By Lara Gladych –
Seaside Magazine wants to live up to our slogan of being “the voice of the Saanich Peninsula,” so, in every issue, we ask people to answer a question. We’re looking for responses from all ages and across the diverse neighbourhoods that form our community.
An act of kindness is never lost on me, and being engaged and visibly kind to others is something I try to be aware of in my everyday life. Doing something kind for someone else often cheers me up when I’m having a bad day, and there are also days when another person’s kind gesture has completely changed my outlook on life.
To see these acts play out in the world reassures me that as humans, we have an enormous capacity for goodness and goodwill towards others.
What is an act of kindness, either given or received, that stands out in your mind? This is the question I asked people in connection with our Giving Back theme for the month of July.
The first person I spoke with had an enormously good deed to recount. “I don’t know if you remember Sarah Beckett – she was a police officer that was killed, and [the city of Langford is] building a playground in her memory. I’m actually a police officer, and I also own a playground company, and obviously this kind of speaks to us. We’re volunteering our time to help build it, as well as [donating] our supplies, our techniques and our equipment – coming up in August when the build happens. We’re doing a volunteer install, and will have about 70 people there the day of, offering their services for free.” This was Rob, 46.
Randy is 58, and having had a few moments to ponder the question he said: “The thing for me is that there are a lot of people that are lonely or hurting. Just giving a phone call, or, in my case I go for lunch with an uncle who’s by himself. Sometimes you think of the big things but they don’t really help many people. I realize it’s the little things with my in-laws. He passed away and she’s by herself. I’ll give a phone call to say ‘How’re you doing?'”
I spoke with Zaylee, 32, who could immediately place how acts of kindness have affected her life. “I’m from Regina originally, and I moved here a couple of years ago. Anytime anybody helps me with my kids – I don’t have family here and my husband works away – it’s an act of kindness that helps me so much. There are a lot of people around here that are always willing to give a helping hand.”
I crossed paths with Roy, 64, and his wife. “Giving of your time, that’s what we do.”
Next on my route I met Clint, who is 46. “It’s the little things, like say you’re in line for coffee and someone in front of you pays for it. You just pay it forward the next time.”
“Well, someone turned in a package that I left at a store and I got it back.” Christine is 73. “I try to help everybody I can.”
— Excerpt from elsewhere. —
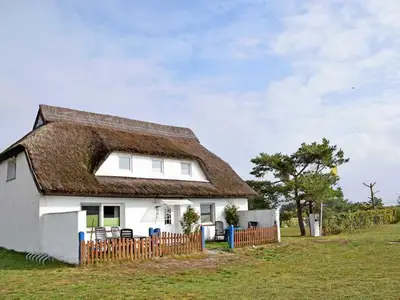 Ferienwohnung für 2 Personen (18 m²) in Hiddensee 1/10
“Somebody covered our diner bill,” responded a sweet older gentleman (who preferred to remain nameless) who sat with his wife looking out at the water.
When I sat down to speak with Terry, 68, I couldn’t have known that she was previously deep in thought on the bench that turned out to have her late husband’s name on it in memoriam. “I’ve had a lot of kindness given to me in the last year. It will be a year tomorrow,” she said as she brushed the name plaque with hers fingers, tears coming to her eyes and her voice welling up with grief. “In the last year I’ve had a lot of kindness, just people doing any kind thing they could for me. I’ve had people be very kind to me, and I will repay that, or I’ll pay it forward.” I thanked Terry for speaking with me, and sensed that it was a relief for her to acknowledge her gratitude for those who have been there for her.
Lately I’ve been helping single mothers with food,” said Chantelle, 44, who says she does this often, and also helps with gas money for mothers in need. Her co-worker, Heather, 55, recalls with a laugh that she bought Chantelle a cookie earlier that day, and Chantelle affirms that Heather often does such things for others.
Anna, 59, shares this: “I think for me, it’s that we recently helped our daughter move back from Vancouver, but we also helped her roommate because her roommate didn’t have anybody. I think when you can reach out like that to somebody who needs a hand it’s important … it could be any one of us.”
Along with Anna was Lisa, 53, who shared this message: “Pay it forward. The value doesn’t matter. It’s the greatest feeling, and it’s more for the giver than the receiver. Everyone can do it, just reach out with no strings attached.”